Un fallimento annunciato, una perdita di tempo, uno spreco di denaro, la possibile (e definitiva) fine del ruolo privilegiato dell’Italia in Libia: ecco cosa rappresenta il nuovo accordo sull’immigrazione illegale che origina dalla Libia Occidentale.
Un accordo che prevede fondi Europei per 200 milioni, la fornitura (il regalo sarebbe meglio dire) di altri dieci pattugliatori alla Marina Libica (unico vero sponsor del “governo” Serraj), e il divieto di ingresso in acque libiche delle navi della missione marittima europea nel Mediterraneo.
Ecco leggendo queste poche righe non riusciamo a capire se chi ha pensato (non chi ha firmato) questo accordo sia in malafede o se abbia ricevuto i briefing della situazione sul campo (a Tripoli e non solo) da Topolino in persona.
Il governo Serraj non riesce a controllare nemmeno la totalità della capitale, il responsabile di due tentativi di colpo di stato è ancora a piede libero e comanda senza antagonisti le sua milizia che opera anche all’interno della capitale libica.
Molti leader delle tribù locali fanno affari, per non dire che si sostengono, solo con il traffico di armi e di esseri umani.
Che senso ha quindi questo piano che affida a Al Serraj l’onere e l’onore di fermare in mare gli immigrati che tentato il viaggio verso l’Italia?
In mare già ora le forze libiche di Serraj potrebbero arginare le partenza verso l’Italia, ma non lo fanno più per una scelta politica che per mancanza di mezzi navali.
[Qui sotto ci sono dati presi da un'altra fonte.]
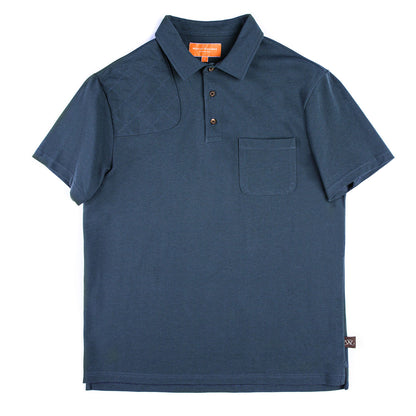 Westley Richards Sporting Polo Navy - The Sporting Lodge
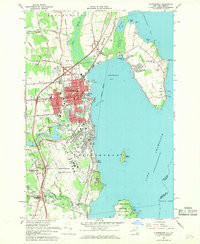 PLATTSBURGH, NY-VT HISTORICAL MAP GEOPDF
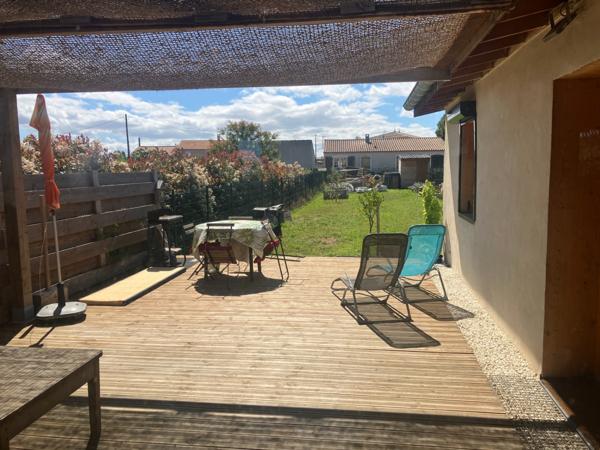 Maison 3 pièces à louer Sallèles d'Aude - 11590 / Réf: 2156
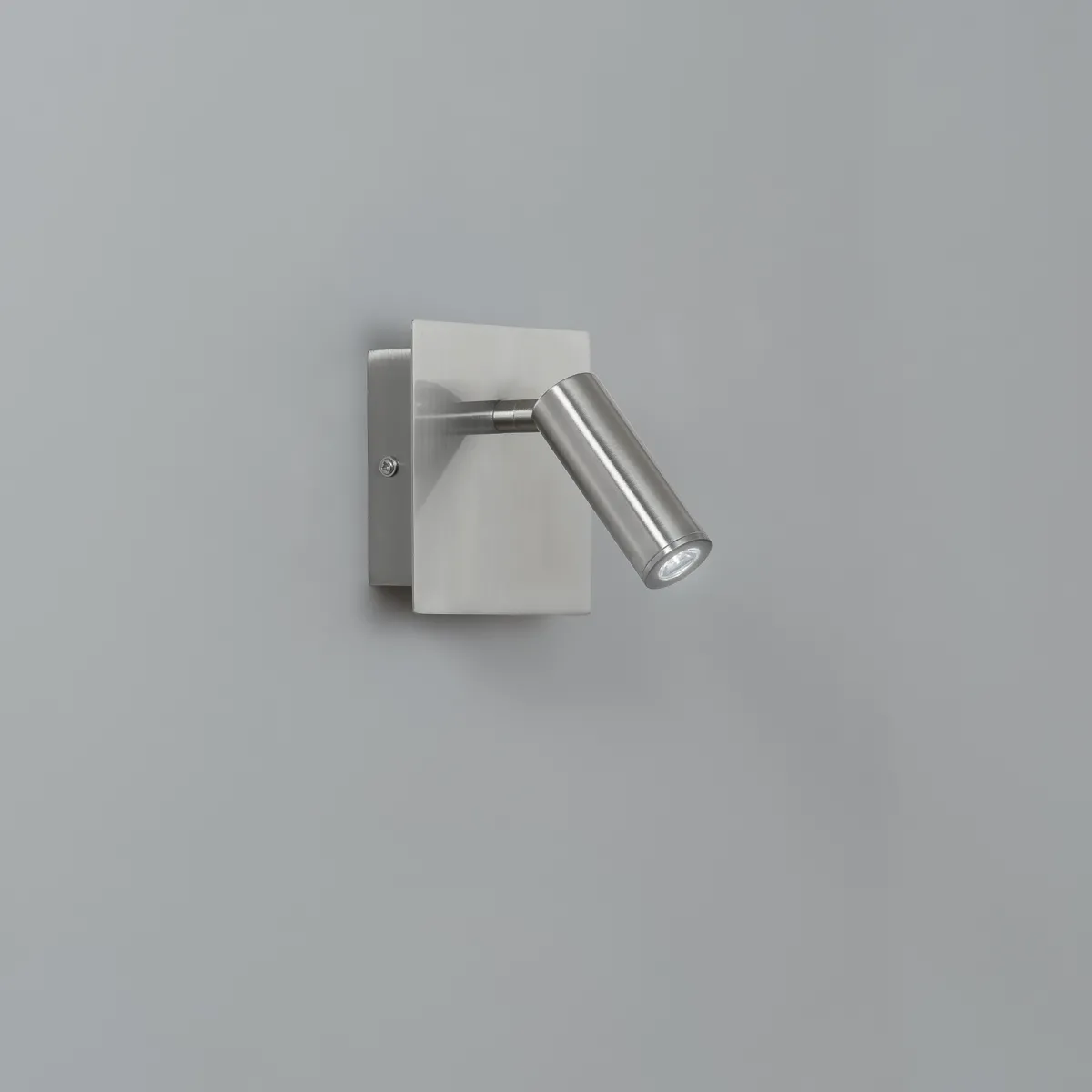 APPLIQUE LED DICKENS ORIENTABILE NICKEL 2,2W 220LM 3000K 11X11X9CM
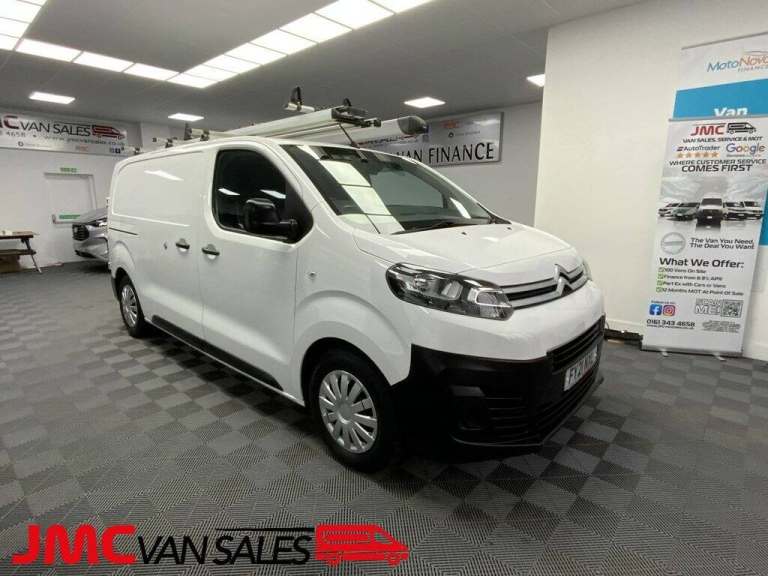 2021 21 CITROEN DISPATCH 1.5 1000 ENTERPRISE 1 OWNER MWB FULL SERVICE HISTORY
Dobbiamo inoltre ricordare che agire sui barconi già carichi e in viaggio sul mare è cosa pericolosissima, in quel contesto il rischio di affondamenti involontari e stragi di immigrati è altissimo.
Le partenze non si fermano in mare, le partenze si fermano sulla costa, si fermano distruggendo le fabbriche che assemblano i gommoni, si fermano colpendo le tribù che fanno parte di questa organizzazione di nuovi schiavisti.
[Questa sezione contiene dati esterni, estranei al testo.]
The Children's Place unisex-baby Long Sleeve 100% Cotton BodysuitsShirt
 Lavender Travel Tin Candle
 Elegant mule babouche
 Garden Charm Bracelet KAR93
Ma alle tribù libiche che oggi vivono della gestione dell’immigrazione in Europa è necessario fornire un sostentamento alternativo alle attività illegali, serve fornire alla popolazione libica un sistema sanitario, istruzione, energia, acqua potabile e la speranza di una vita migliore. Per questo serve un governo autorevole, in grado di gestire i beni energetici della Libia, ricavarne un profitto, e con questi profitti dare pane, speranza, lavoro e salute alla popolazione delle Libia; e servono i fondi dell’Occidente per sostenere la popolazione nella transizione, servono ospedali funzionanti gestiti dalla comunità internazionale, centinaia di tecnici e una forza militare sul campo a supporto del governo unitario.
L’unico piano che può funzionare per fermare le parte dalla Libia è quello che abbiamo indicato molti, molti mesi fa (Qui trovate il Link). L’unico piano che può funzionare deve associarsi alla fine del politicamente corretto e al sostegno unanime, di tutta la comunità occidentale, ad un governo, ad un insieme di uomini, o anche ad un uomo solo che possa unificare la Libia.
Non stiamo dicendo che alla Libia sia funzionale un assetto democratico, proprio così, diciamo che serve un uomo forte che metta fine al caos, ad una situazione senza legge e senza ordine, ben peggiore di quella cui la Libia era abituata sotto la dittatura di Gheddafi.